Jean Power is a civil litigator with a diverse base of legal experience. Throughout her career, she has performed extensive work in law firm practice, public interest law, and community advocacy. Jean currently focuses her legal practice primarily on labor and employment law, handling various cases, including wage and hour, class actions, PAGA claims, wrongful termination, and employment discrimination.
Originally from Texas, Jean is a dual citizen of the United States and Argentina. She is an artist who paints portraits, orthodox iconography, still lifes, and landscapes. She enjoys traveling with her husband and three children.
As a results-oriented advocate, Jean leverages all available resources at the Law Offices of Scott Warmuth to obtain the best results possible for her clients. She works directly with the workers’ compensation team to ensure that no employers take advantage of injured workers and that our client’s legal rights are protected.

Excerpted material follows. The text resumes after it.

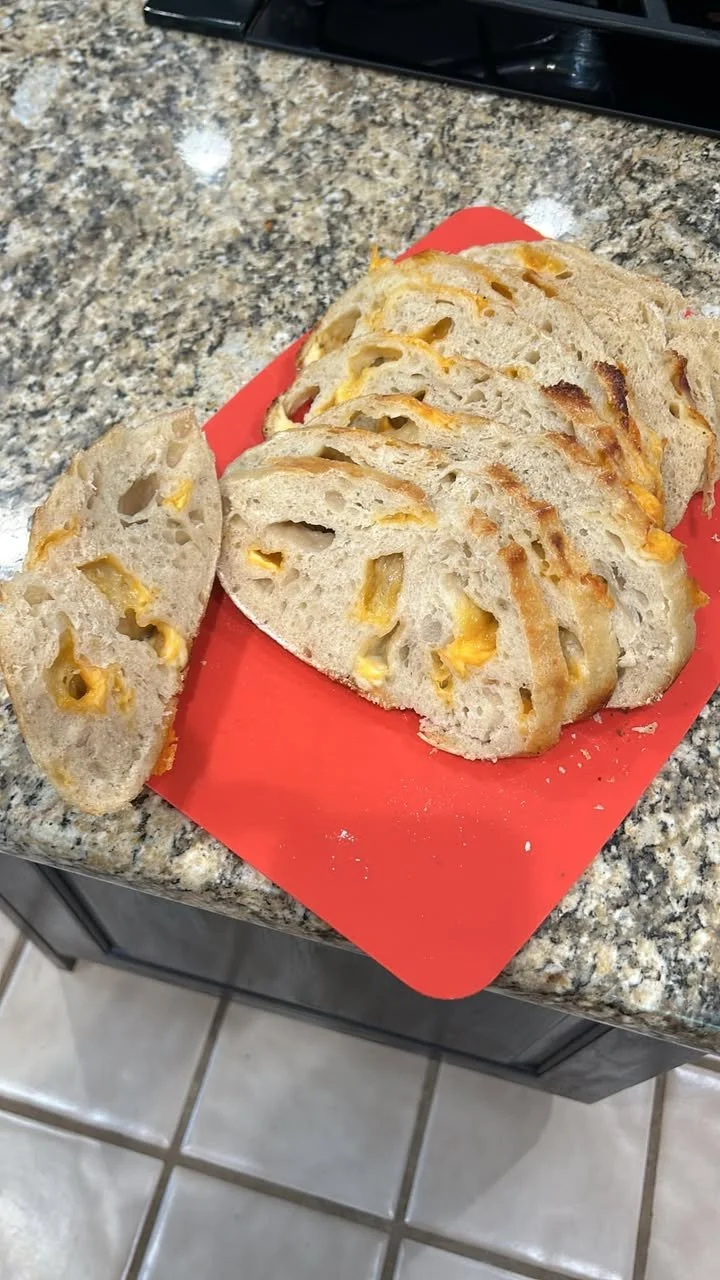 Slices of bread with melted cheese on a red cutting board on a granite countertop.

Jean is a member in good standing of the State Bar of California and the State Bar of Texas. Her previous work as a legal aid attorney, community organizer, union representative, and advocate for victims of domestic violence has fostered a lifelong ethic of service. Jean has devoted much of her career to advocating for marginalized and underrepresented communities.

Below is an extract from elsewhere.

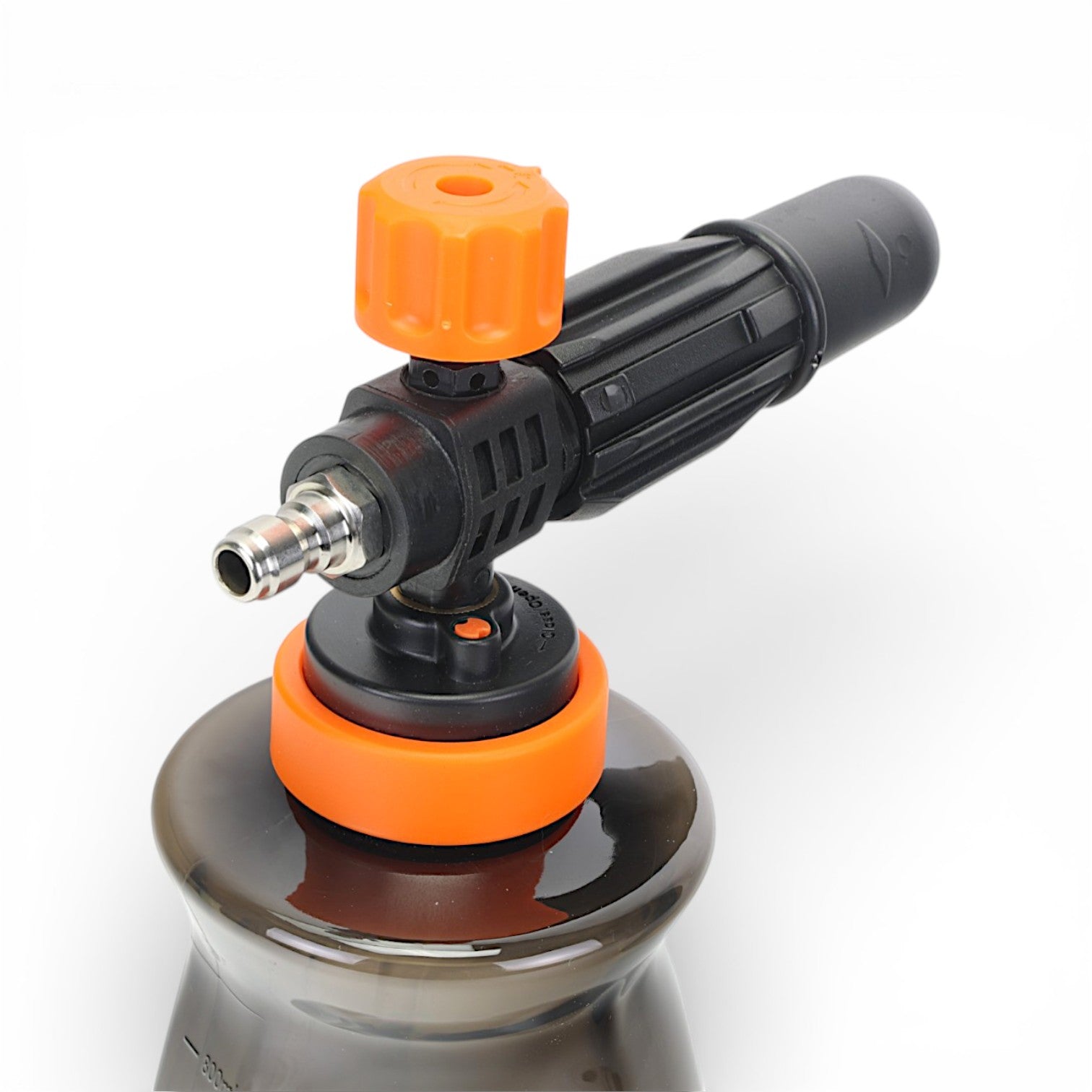Foam lance with orange nozzle and black body on a white background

Because Jean was a lawyer in Texas, she got her license to practice law in Texas first. Many states have a system that allows a person to continue practicing law even if they move if they were a lawyer in good standing for several years. That system is called reciprocity. California and several others do not have a system like this, so Jean had to take the California State BAR to get a license to practice law in California. It is a notoriously hard test, but thankfully, as Scott says, she was able to be a good test taker and pass it.
Jean was not born in Texas but grew up there in Houston. Her dad was a native Texan and raised her in that culture. Her father was in the Army as a young man, but when he left, he went to Argentina to raise radio towers.

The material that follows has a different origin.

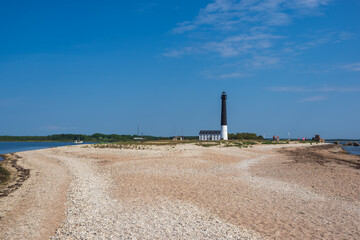 Fototapeta na wymiar View to the beach of Sõrve peninsula cape with sand and pebbles by coastline. Lighthouse in the background. Focus on foreground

That was where he met Jean’s mother. There were some internal demons Jean’s dad’s side of the family had to struggle with because Jean’s father married someone from another country and another religion.
However, Jean’s father did not care at all.
Jean went to Texan public school systems, and her father was a NASA engineer at Johnson Space Center. Her father taught her never to give up and to follow through on her word.
Jean was bullied as a child because she grew up with her mother, whose first language was Spanish. Kids around her excluded her and made her feel like less of an American because of that element of her life.
Jean was bullied because of her ethnicity and skin color. She identifies as a person of color. Growing up in the South, kids were mean and exclusionary.
Because of this experience, Jean has always been aware of how mean and cruel people can be and how they can be even worse to others who are even worse off, which helped push Jean into a role that could help others when they were being bullied.
Jean said both sides of her family grew up poor, but especially her mom’s side. She would see living in extreme poverty in Argentina when she visited, which bothered her because it was wrong.
Jean also knew that when she saw children being ostracized in school, she wanted to fix it, and as an adult, he wanted to work in the field to stop others from being bullied.
Also, when Jean was young, she was traumatized by her cousin’s death at the age of 6 in a car accident. It was wrong that no one could fix, but it shapes a person. So it changed her to want to lessen the burden on others.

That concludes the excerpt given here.